[Saved entries]
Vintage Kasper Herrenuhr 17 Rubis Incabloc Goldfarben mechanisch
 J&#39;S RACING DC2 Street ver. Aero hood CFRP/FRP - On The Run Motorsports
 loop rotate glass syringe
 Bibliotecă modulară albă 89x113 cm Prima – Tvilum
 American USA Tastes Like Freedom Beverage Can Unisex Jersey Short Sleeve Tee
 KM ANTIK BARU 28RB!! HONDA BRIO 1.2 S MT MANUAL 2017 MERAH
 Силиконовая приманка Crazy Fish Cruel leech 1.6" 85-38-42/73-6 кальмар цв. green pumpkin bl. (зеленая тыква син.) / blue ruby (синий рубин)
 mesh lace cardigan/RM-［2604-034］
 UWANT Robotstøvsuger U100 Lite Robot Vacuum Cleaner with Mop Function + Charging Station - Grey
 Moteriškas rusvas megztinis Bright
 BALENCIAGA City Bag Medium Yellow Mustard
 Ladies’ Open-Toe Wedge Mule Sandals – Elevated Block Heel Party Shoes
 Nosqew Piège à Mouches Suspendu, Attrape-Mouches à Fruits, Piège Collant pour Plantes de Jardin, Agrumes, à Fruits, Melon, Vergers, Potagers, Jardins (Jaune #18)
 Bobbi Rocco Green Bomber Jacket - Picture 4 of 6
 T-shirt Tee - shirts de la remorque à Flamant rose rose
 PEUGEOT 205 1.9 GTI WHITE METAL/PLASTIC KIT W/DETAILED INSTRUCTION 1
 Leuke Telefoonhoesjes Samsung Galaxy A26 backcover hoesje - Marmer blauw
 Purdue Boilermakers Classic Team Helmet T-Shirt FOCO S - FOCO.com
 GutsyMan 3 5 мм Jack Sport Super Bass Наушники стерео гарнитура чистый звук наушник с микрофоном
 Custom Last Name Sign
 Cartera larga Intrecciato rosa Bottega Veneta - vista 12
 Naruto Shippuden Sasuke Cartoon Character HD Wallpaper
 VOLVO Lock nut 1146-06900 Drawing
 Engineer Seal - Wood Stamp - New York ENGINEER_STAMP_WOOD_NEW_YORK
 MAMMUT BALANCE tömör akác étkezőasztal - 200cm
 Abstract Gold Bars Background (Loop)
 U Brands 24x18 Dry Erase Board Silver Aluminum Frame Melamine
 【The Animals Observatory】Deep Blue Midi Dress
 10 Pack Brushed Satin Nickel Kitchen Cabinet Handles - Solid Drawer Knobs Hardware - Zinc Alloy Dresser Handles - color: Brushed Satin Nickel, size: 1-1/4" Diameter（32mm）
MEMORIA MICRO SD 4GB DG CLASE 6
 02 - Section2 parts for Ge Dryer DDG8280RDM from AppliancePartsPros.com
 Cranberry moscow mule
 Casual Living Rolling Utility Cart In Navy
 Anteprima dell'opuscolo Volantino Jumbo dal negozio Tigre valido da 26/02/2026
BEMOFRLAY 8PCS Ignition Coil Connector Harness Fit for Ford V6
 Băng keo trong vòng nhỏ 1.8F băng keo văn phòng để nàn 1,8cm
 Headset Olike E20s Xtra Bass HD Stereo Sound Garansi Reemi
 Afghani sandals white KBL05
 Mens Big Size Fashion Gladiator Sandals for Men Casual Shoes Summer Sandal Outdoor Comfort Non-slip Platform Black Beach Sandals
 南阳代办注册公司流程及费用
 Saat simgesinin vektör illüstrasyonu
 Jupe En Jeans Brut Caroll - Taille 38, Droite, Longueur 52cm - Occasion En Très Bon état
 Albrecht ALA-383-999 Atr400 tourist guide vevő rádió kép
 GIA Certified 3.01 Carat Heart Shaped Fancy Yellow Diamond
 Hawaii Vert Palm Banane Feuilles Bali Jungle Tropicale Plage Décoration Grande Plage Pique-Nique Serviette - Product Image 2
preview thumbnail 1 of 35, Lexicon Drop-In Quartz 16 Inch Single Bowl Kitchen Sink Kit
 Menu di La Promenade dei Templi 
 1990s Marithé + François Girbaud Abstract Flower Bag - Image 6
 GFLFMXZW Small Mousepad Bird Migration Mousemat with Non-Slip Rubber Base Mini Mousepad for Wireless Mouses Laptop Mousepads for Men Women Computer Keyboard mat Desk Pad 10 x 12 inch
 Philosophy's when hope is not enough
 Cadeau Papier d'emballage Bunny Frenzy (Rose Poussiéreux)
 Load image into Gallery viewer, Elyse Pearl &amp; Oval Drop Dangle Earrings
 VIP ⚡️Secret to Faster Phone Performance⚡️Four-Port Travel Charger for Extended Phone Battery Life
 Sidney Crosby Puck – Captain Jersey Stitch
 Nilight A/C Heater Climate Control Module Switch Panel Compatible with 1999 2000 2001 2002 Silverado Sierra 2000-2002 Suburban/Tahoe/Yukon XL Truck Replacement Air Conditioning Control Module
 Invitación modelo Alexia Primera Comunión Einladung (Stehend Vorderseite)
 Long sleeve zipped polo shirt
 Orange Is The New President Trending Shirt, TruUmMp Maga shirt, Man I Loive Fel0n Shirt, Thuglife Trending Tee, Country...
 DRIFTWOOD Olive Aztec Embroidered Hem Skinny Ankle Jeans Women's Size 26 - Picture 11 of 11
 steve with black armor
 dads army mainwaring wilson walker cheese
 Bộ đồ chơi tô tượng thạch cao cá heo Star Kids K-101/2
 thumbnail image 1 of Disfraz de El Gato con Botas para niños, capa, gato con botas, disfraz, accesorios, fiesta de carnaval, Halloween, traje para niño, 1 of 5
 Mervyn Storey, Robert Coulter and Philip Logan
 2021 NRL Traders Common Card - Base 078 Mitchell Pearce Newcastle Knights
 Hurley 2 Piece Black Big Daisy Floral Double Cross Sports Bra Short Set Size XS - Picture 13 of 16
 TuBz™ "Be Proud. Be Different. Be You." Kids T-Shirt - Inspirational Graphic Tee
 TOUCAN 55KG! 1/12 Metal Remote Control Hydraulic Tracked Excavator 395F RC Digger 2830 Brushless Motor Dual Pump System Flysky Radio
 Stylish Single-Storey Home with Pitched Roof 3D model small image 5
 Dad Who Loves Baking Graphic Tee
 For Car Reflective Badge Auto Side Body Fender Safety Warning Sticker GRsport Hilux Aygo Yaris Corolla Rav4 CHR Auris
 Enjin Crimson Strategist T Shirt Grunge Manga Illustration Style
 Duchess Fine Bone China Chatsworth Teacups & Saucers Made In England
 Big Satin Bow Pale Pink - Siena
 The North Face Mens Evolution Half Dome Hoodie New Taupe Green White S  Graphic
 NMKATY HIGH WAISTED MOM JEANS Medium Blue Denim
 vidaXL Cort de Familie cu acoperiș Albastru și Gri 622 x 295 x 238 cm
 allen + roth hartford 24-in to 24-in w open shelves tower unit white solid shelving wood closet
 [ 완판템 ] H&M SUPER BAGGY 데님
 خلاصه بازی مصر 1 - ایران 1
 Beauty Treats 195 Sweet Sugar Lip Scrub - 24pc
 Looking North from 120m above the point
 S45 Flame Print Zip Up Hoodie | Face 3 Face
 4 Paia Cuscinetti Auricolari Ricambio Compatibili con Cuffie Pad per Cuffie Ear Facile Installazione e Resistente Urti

Assigned task: Above this instruction are the records; retype exactly the lines from the one containing "MAMMUT BALANCE tömör" up to and including the one containing "Blue Midi Dress".

Result of this exercise:
 MAMMUT BALANCE tömör akác étkezőasztal - 200cm
 Abstract Gold Bars Background (Loop)
 U Brands 24x18 Dry Erase Board Silver Aluminum Frame Melamine
 【The Animals Observatory】Deep Blue Midi Dress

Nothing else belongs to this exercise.